Scraped caption text data:
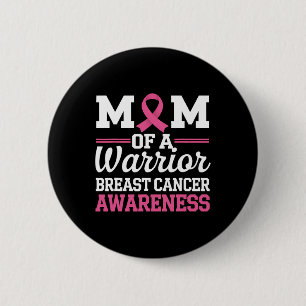 Badge Rond 5 Cm Mois De Sensibilisation Au Cancer Du Sein Mère D'U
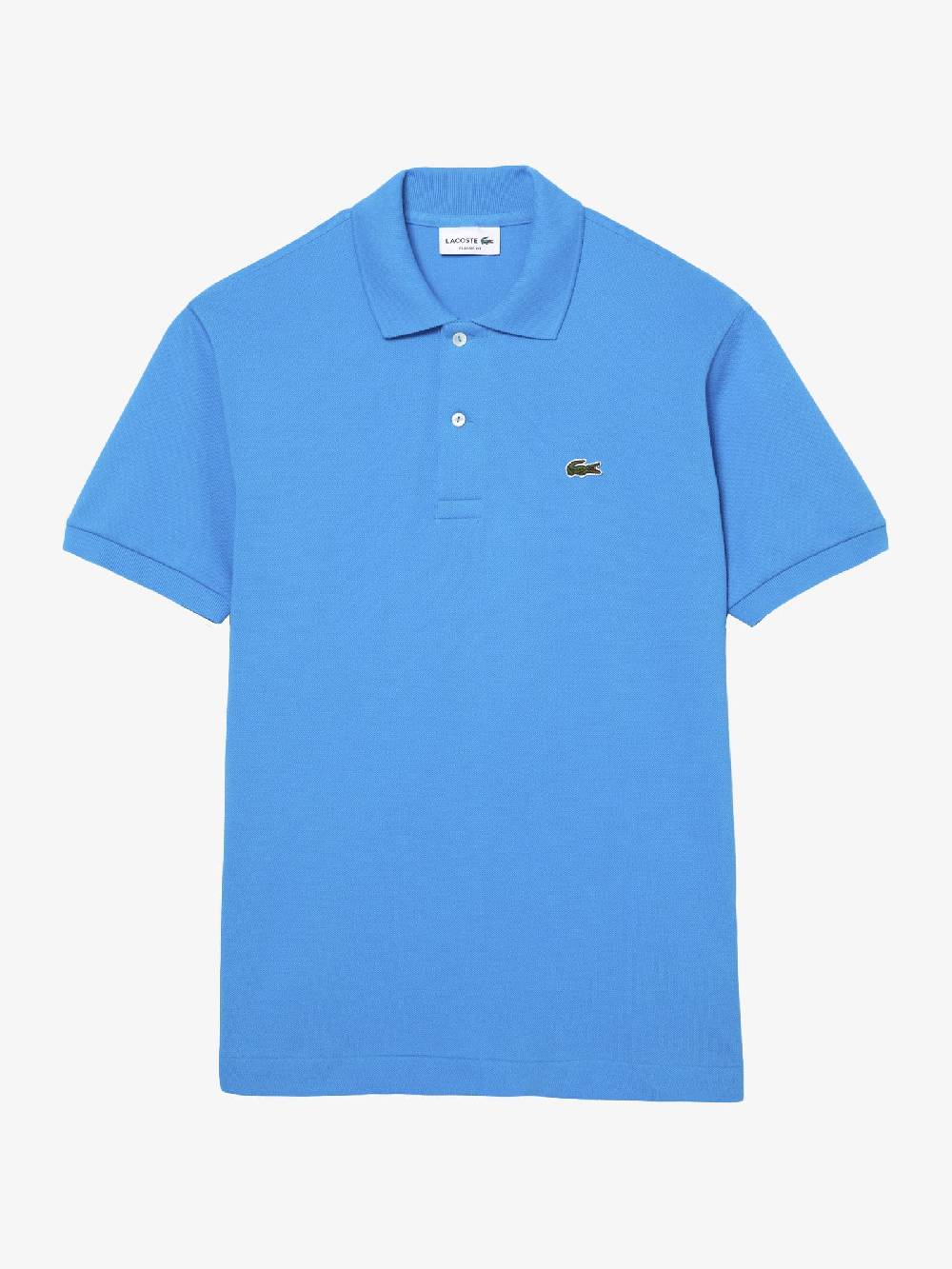 LACOSTE Polo regolare uomo in cotone azzurro intenso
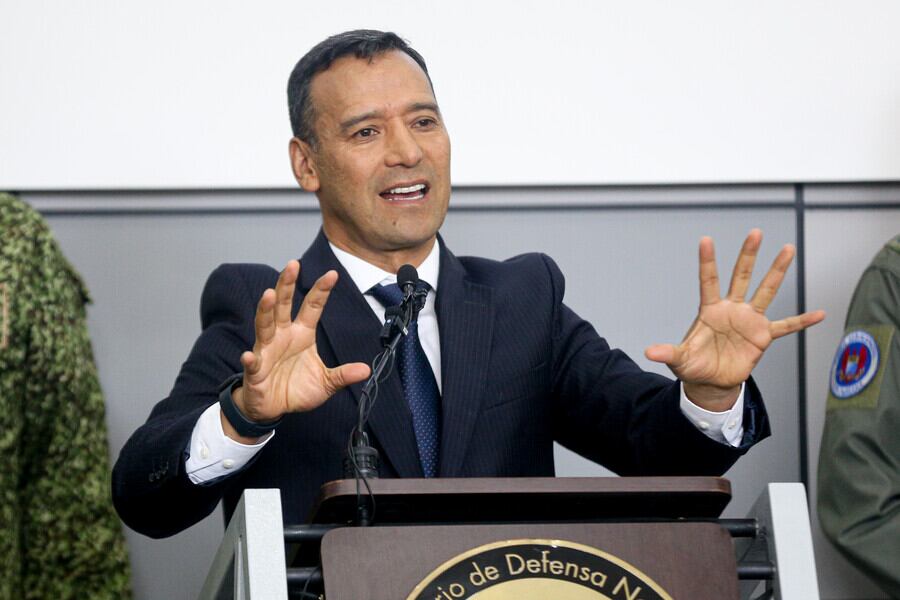 Ministro de Defensa, Pedro Sánchez. Foto: Colprensa - Lina Gasca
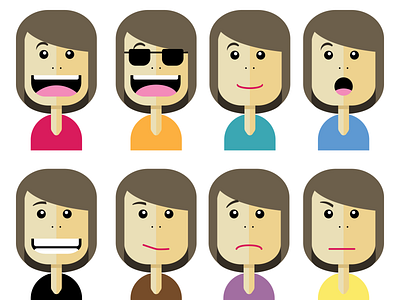 Expressions of a woman adobe adobeillustrator art drawing expressions illustration illustrator portrait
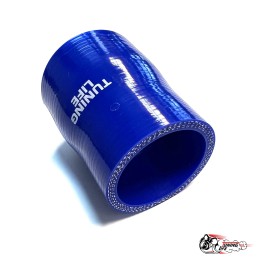 Силиконовый патрубок 45 - 51 мм, прямой (синий)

*WHAT THE TASK ASKS*. Drop the pictures and give every line above again exactly.

*EXERCISE RESPONSE*.
 Badge Rond 5 Cm Mois De Sensibilisation Au Cancer Du Sein Mère D'U
 LACOSTE Polo regolare uomo in cotone azzurro intenso
 Ministro de Defensa, Pedro Sánchez. Foto: Colprensa - Lina Gasca
 Expressions of a woman adobe adobeillustrator art drawing expressions illustration illustrator portrait
 Силиконовый патрубок 45 - 51 мм, прямой (синий)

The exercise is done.